Not sure why this popped into my head, but I suddenly thought about a few moments back in high school. These flashbacks are to a few moments where I stepped into my school’s chapel. Especially later on in my high school career I’d find myself with a spare period or two with nothing much going on. Sure, I often hung out in the cafeteria with classmates and acquaintances, but there were times when I just needed to get away from all of the noise. Sometimes I would take the time to venture into the chapel. The small chapel really was like an oasis of silence. It was always eerily quiet. I liked sitting there to recollect my thoughts and to just recentre myself.
The chaplain for the school was a Carmelite nun who was probably in her 50′s at the time. Whenever I ventured into the chapel she was either out and about or in her office. I didn’t really have many encounters with her. There were two though that kind of stick out in my mind. On one occasion I was just sitting there in a chair in thought and prayer. She came out and greeted me. I greeted her back. She asked what I was doing in the chapel. Before I could answer she had a follow up question: “are you in trouble?” That struck me as a bit odd. If I was a troublemaker, would I attempt to seek refuge in the chapel? Would the school administration be somehow prevented from entry? And the big question bothered me: did it look like I was a troublemaker? Maybe she asked that of all the students that entered. That wouldn’t be welcoming at all. In the end I told her that I wasn’t in trouble and that I was sitting in the chapel just to get some peace and quiet. She agreed and said that this was the place for silence. And that was the end of that encounter. Odd, no?

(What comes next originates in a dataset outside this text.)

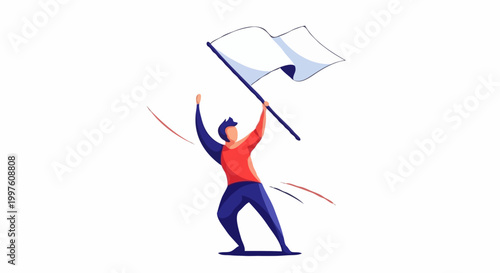 A person triumphantly waving a white flag against a clean backdrop, symbolizing surrender, peace, or victory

Now, I’m not sure whether this is a case of my memory malfunctioning, but I recall having the exact same conversation with her months later. I ducked in there for a few moments and the first question she asked was whether I was in trouble. I was frustrated that time because she obviously didn’t remember me, and again, did it look like I was a rabble rouser? So delinquents frequently hang out there? What is it? I didn’t really over think at the time, attributing her questions to a general distrust of the motives of the student body. No matter. I’d like to think I turned out to be one of the good ones. Too bad she didn’t really recognize it back in the day.